I have a feeling it is included Don't you just love it when people use the wrong screws to mount amps and drivers.


----------



## is_250 (Mar 16, 2011)

Looks like he stole the title of his listing from this ad. 

Mint Alpine Bridgeable 2 Channel Car Amplifier Model 3522s Old School | eBay


----------



## Alrojoca (Oct 5, 2012)

Maybe the seller thought Mint was another name for the amp, it is called "Mint Alpine"


----------



## DragonMouse (Jun 6, 2013)

No, I think when the seller compared this unit to the rest of his stash - he found out, that this one is mint!


----------



## boom_squid_2 (Jan 29, 2008)

Maybe the seller tasted the amp?


----------



## JoshHefnerX (Jun 13, 2008)

It was all the fume sniffing while hitting up those heat sinks with marker..


----------



## imjustjason (Jun 26, 2006)

So did Alpine pass out 3522's at one point? It seems like EVERYONE has a 3522, it's certainly the most common amp I've ever seen. Anytime I see a group of amps for sale there is usually a 3522 in the pile.


----------



## ryanr7386 (Feb 21, 2011)

So true! You have to admit, they are a clean little amp.


----------



## ryanr7386 (Feb 21, 2011)

Well, not that one!


----------



## rxonmymind (Sep 7, 2010)

The gum he was chewing?


----------



## el_bob-o (Nov 8, 2008)

imjustjason said:


> So did Alpine pass out 3522's at one point? It seems like EVERYONE has a 3522, it's certainly the most common amp I've ever seen. Anytime I see a group of amps for sale there is usually a 3522 in the pile.

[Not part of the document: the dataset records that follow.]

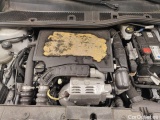  Opel  Corsa OPEL  - 2020 1.2 Turbo Edition Start/Stop (EU6.4AP) 5d #22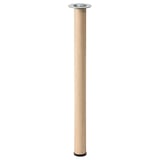 BÅREKULLA Bein, Eicheneff wlas, 70 cm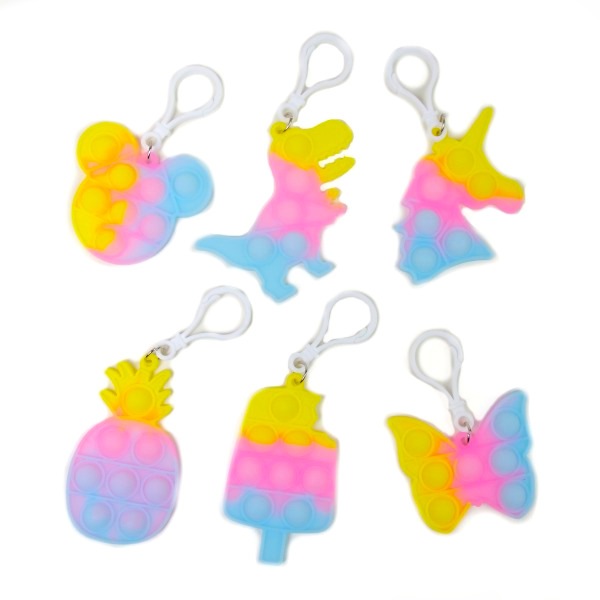 ץץץå奭ۥ 24ĥå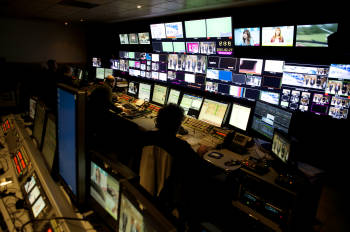 mediaset informativos mediaset informativos
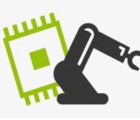 Thales et le CEA créent un laboratoire commun dans les logiciels cea-260615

40 acres, a mule and an Alpine 3522. It's what we as Americans deserve.


----------



## SO20thCentury (Sep 18, 2014)

Musta gotten used since it was listed cuz it's not mint any more


----------



## Darth SQ (Sep 17, 2010)

el_bob-o said:


> 40 acres, a mule and an Alpine 3522. It's what we as Americans deserve.

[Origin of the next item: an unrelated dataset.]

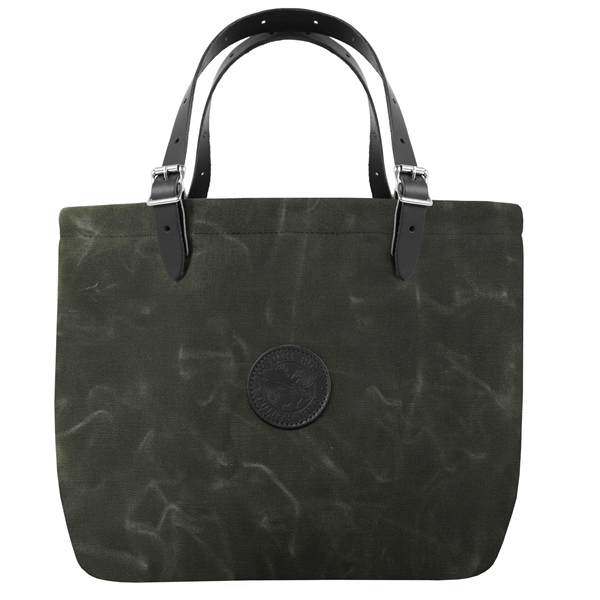Duluth Pack Market Tote - Duluth Pack Market Tote - Image 8 of 23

Looks like the mule has already used it.


Bret
PPI-ART COLLECTOR


----------



## Coppertone (Oct 4, 2011)

^^^^. Lol


----------



## ryanr7386 (Feb 21, 2011)

Looks like he might have visited the sight, dropped the "Mint" and went with "Good" conditions! LOL :laugh: 

Alpine Bridgeable 2 Channel Car Amplifier Model 3522s | eBay


----------



## TrickyRicky (Apr 5, 2009)

LOL. 

BTW way Ryan I got my hands on that ADS P440 I pm'ed you about a week ago. Let me know if your still interested in it.


----------



## ryanr7386 (Feb 21, 2011)

TrickyRicky said:


> LOL.
> 
> BTW way Ryan I got my hands on that ADS P440 I pm'ed you about a week ago. Let me know if your still interested in it.


PM'd


----------